What is negative gearing?

Most Australian property investors buy real estate with the goal of making money, whether that’s through capital growth or rental income that boosts your cashflow each month.

But if you take a look at the Australian Taxation Office’s most recent statistics, you’ll find the majority (59%) of taxpayers who own at least one rental property actually declared a net loss in the 2018/19 financial year. What’s going on?

While making a loss on a property may not sound like a sound investment strategy, welcome to the world of negative gearing.

So what is negative gearing?

Gearing is when you borrow money to invest, such as taking out a home loan for a property purchase.

An investment property is said to be:

  • Negatively geared – when the rental income from the property is less than your ongoing property-related expenses (i.e. you have negative cashflow)
  • Positively geared – when the rental income is higher than the property-related expenses (i.e. you have positive cashflow)
  • Neutrally geared – when the rental income is equal to your ongoing expenses (i.e. you break even)

So if negative gearing means the money coming in is less than the money going out, why would anyone make this kind of investment in real estate?

Two reasons.

Firstly, Australian property prices have historically risen in value over the long-term.

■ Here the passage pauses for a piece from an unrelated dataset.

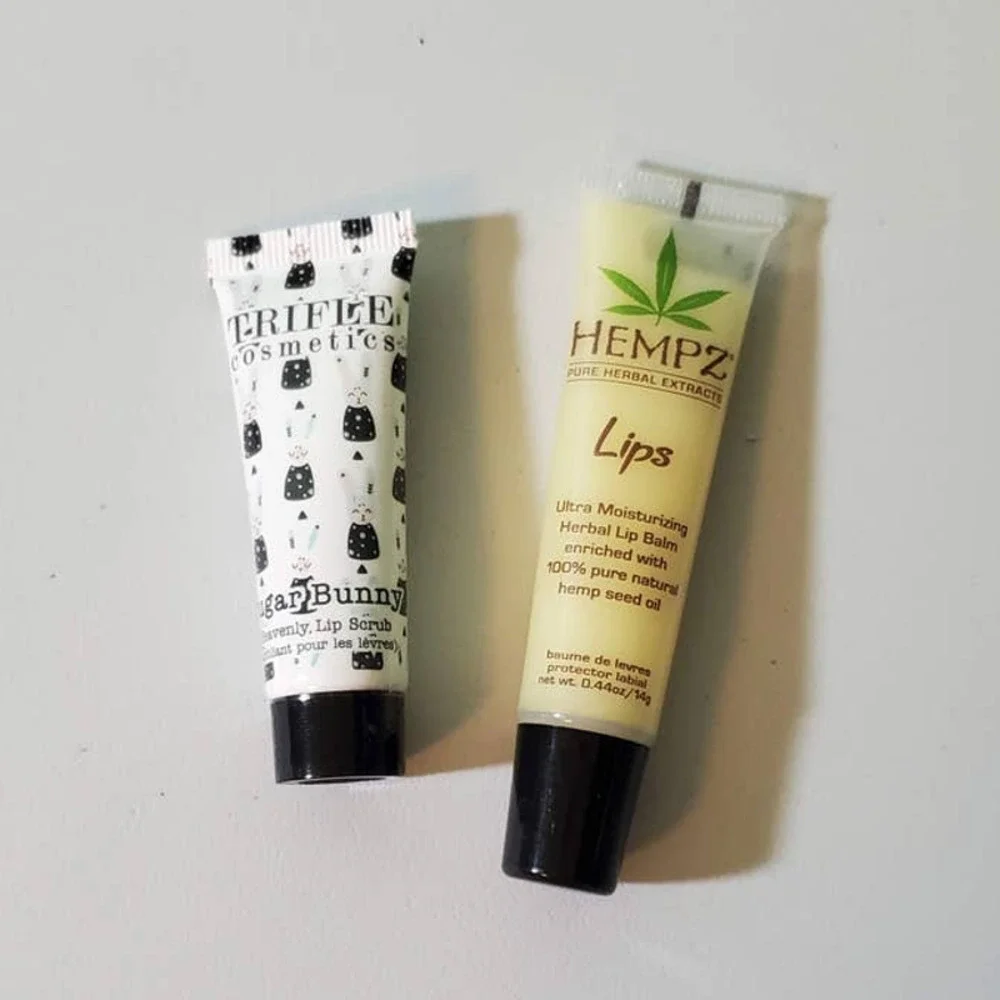 LOT Hempz Herbal Lip Balm & Trifle Lip Scrub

So investors calculate that the property’s long-term capital gain will well and truly exceed any short-term deficit in its day-to-day holding costs.

Secondly, the ATO lets you offset the losses from a negatively geared property against your income, including your wage or salary. As a result, you pay less tax overall.

Let’s imagine that you own a rental property generating $20,000 in rent each year. However, the costs of holding the property, including mortgage interest, come to $25,000. This gives you a taxable loss of $5,000 which can be deducted from your income.

A loss is still a loss

As with any investment strategy, negative gearing comes with risks.

After all, your investment is still making a cashflow loss, regardless of the generous tax breaks. As a result, you will need to find the money to cover the difference. If you can’t, you risk losing the property.

Furthermore, keep in mind that high capital growth is not guaranteed. So, there’s a chance your property might not rise in value as much as you hope. The best way of avoiding this risk is to do your research and buy a quality property in the right location.

Please note that this is general advice only. Speak to a tax professional to see what sort of tax deductions would apply to your personal situation.